Topology optimization (TO) has been a cornerstone of advanced structural design for decades, yet it continues to face challenges in terms of convergence, optimality, and numerical stability, particularly for complex, non-convex problems like stress minimization. This paper introduces a novel approach to stress-based topology optimization through the development of neural-reparameterized topology optimization using the convolutional Kolmogorov-Arnold network (KATO). KATO uses the neural network to reparameterize the optimization problem, offering a unique solution to the challenges posed by stress minimization in TO. It also simplifies the penalization scheme by reducing sensitivity to certain parameters, which reduces the non-convexity of the stress minimization problem, enhancing convergence and stability. Our method demonstrates better performance in stress minimization compared to conventional approaches and a different neural network-based approach, achieving up to 10% lower maximum stress in common benchmark cases.
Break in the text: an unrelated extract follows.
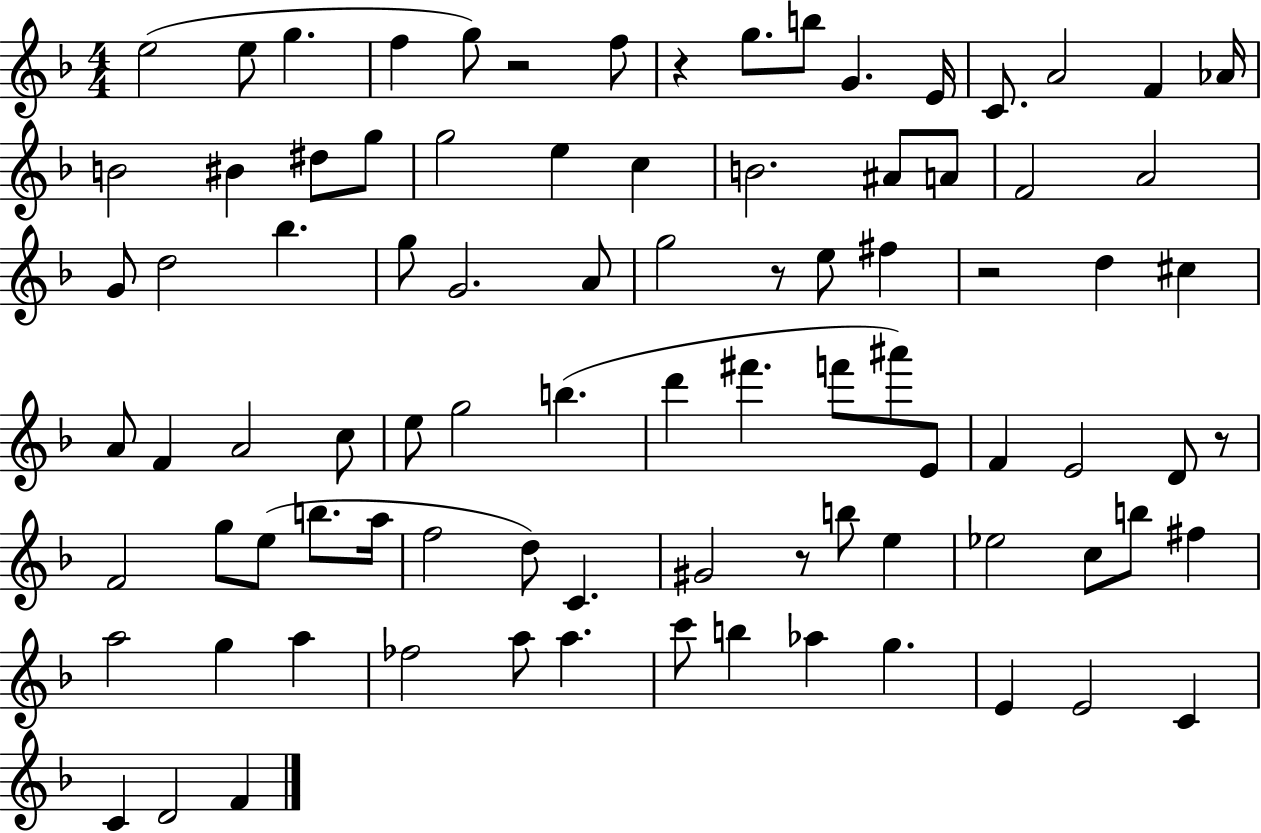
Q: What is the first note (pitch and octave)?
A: E5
KATO also shows remarkable efficiency, reducing computational time by up to 67% compared to conventional methods for stress minimization problems. We conduct a comprehensive analysis of KATO's performance, computational cost, scalability, and the impact of various neural network architectures. Our results indicate that KATO not only improves stress optimization but also offers insights into the relationship between neural network design and topology optimization performance, paving the way for more efficient and effective structural design processes.

Abstract Image

基于卷积Kolmogorov-Arnold网络的应力最小化神经重参数化拓扑优化
几十年来,拓扑优化(TO)一直是先进结构设计的基石,但它仍然面临着收敛性、最优性和数值稳定性方面的挑战,特别是对于应力最小化等复杂的非凸问题。本文通过发展卷积Kolmogorov-Arnold网络(KATO)的神经再参数化拓扑优化,介绍了一种基于应力的拓扑优化新方法。KATO使用神经网络重新参数化优化问题,为to中应力最小化带来的挑战提供了独特的解决方案。通过降低对某些参数的敏感性,简化了惩罚方案,降低了应力最小化问题的非凸性,增强了收敛性和稳定性。与传统方法和不同的基于神经网络的方法相比,我们的方法在应力最小化方面表现更好,在常见的基准情况下,最大应力降低了10%。KATO还显示出显著的效率,与传统的应力最小化方法相比,可将计算时间减少67%。我们对KATO的性能、计算成本、可扩展性以及各种神经网络架构的影响进行了全面的分析。我们的研究结果表明,KATO不仅改善了应力优化,而且为神经网络设计与拓扑优化性能之间的关系提供了见解,为更高效和有效的结构设计过程铺平了道路。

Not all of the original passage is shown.